Indeed, the researchers wrote, “one of the most important lessons from the pandemic could be to follow multi-dimensional criteria in any academic assessment, which truly reflect a variety of factors describing the potential of an applicant either for an academic job or a grant.” This could include a COVID-19 impact statement, in which candidates explain their opportunities and constraints during this time.

Simultaneously, the paper argues, institutions should promote “a more diverse, inclusive, and equitable working environment” and embrace “a family-friendly leadership policy in the reopening plans of labs and institutes.”

In response to the pandemic, many institutions have offered junior faculty members tenure-clock extensions. Nearly as many critics have said that step doesn’t go far enough, and essentially punishes researchers financially and professionally -- in the way of delayed promotions -- for circumstances beyond their control.

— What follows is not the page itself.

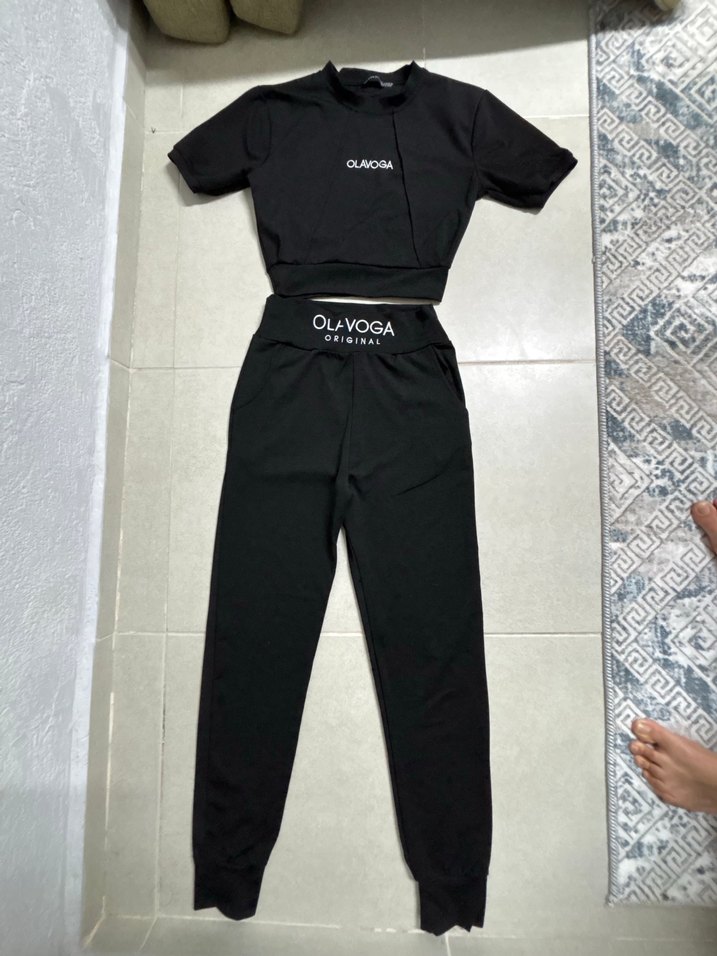 Siyah Kadın Kısa Kollu Spor Tişört Taut Takım - Görsel 2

Suggested alternative or complementary interventions include more supports for caregivers. Few institutions have delivered on this. Yale University recently announced that nonladder instructional faculty are now eligible for a full semester of paid parental leave, up from a previously offered eight weeks, and closer to what tenure-track and tenured faculty members get. Still, faculty members at Yale continue to organize for more relief for working parents, even beyond the pandemic. Pre-COVID-19, women were still working "double shifts," at work and at home.

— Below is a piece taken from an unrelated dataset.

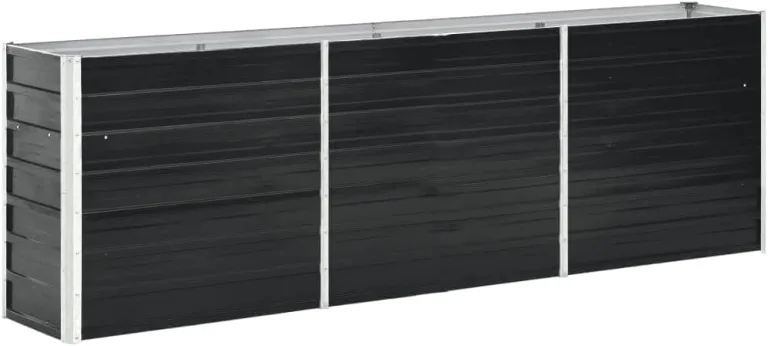 vidaXL Hochbeet aus verzinktem Stahl 240x80x45 cm, Anthrazit, offenem Boden, wetterfest, DIY Pflanzkasten für Blumen und Gemüse, Garten oder Rasen – Bild 9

Naomi Rogers, professor of the history of medicine and chair of Yale's Women Faculty Forum, said the group sees the announcement "as just one step, an important step, in the path to addressing many of the issues around childcare that the pandemic has brutally made so visible." COVID-19 has "highlighted problems which many Yale faculty and staff had been able to keep under the radar with a kind of patchwork of care that is now almost impossible to reestablish or rely on." Rogers and colleagues are planning a "kid in" on Twitter, similar to a virtual sit-in, for later this month, to make visible the "daily frustrations of balancing work and family."

The University of California, Los Angeles, has also said that professors can ask for two quarters of “modified duties” for caregiving. Professors at UCLA have applauded that step, but many also have asked the university to do more.

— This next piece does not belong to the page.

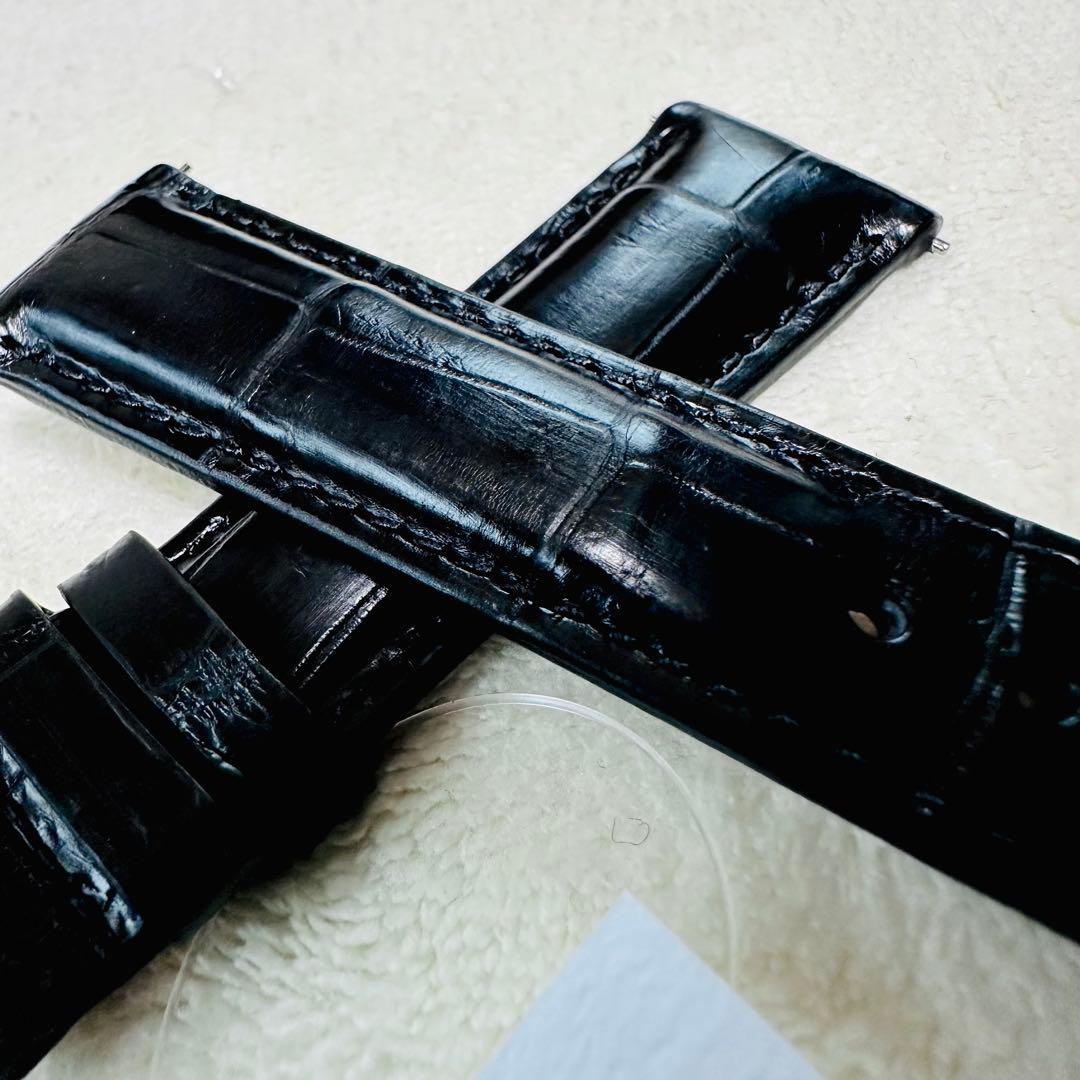 7004#21mm-18mmブラック★本物クロコダイルレザーベルト★スイス製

Miriam Posner, an assistant professor of information studies and digital humanities at UCLA, mom of two young children, and critic of academe’s nonresponse to the fact that many professors are now teaching and homeschooling their own children, on Monday called the new policy “incredibly vague.” Professors must negotiate the substance of their modified duties with their department chair and dean, she said. “So in effect, UCLA has guaranteed that the faculty who most need the time off -- junior faculty, especially women -- will feel least comfortable trying to get it.”

Posner said that the “sum total of UCLA's lack of support for caregivers will be disastrous for this generation of female faculty members. Everyone I know is in crisis.”

Bill Kisliuk, university spokesperson, said that UCLA issued additional policy modifications for caregivers last month, including relief from service obligations and responsibilities for an academic term, flexibility in terms of requesting courses to teach and when, co-teaching with advanced graduate students, and partial relief from teaching without the assignment of additional future teaching duties. 

"The policy modifications initially will be effective for two academic years," beginning with this year, Kisliuk said. "Use of the modifications will not affect how candidates’ dossiers for advancement are considered by their departments, deans or the university."

Alicia S. Modestino, associate professor of public policy and urban affairs and economics at Northeastern University, helped survey 2,500 working parents across sectors in the U.S. and found that 13 percent of lost a job or reduced hours solely because of childcare during the pandemic. One-quarter of women who became unemployed said it was because of childcare.

According to The 19th, a news website about women and politics, the nation’s "first female recession" deepened last month, with more women leaving the labor force than the country added jobs. About 865,000 women dropped out of the workforce, compared to 216,000 men.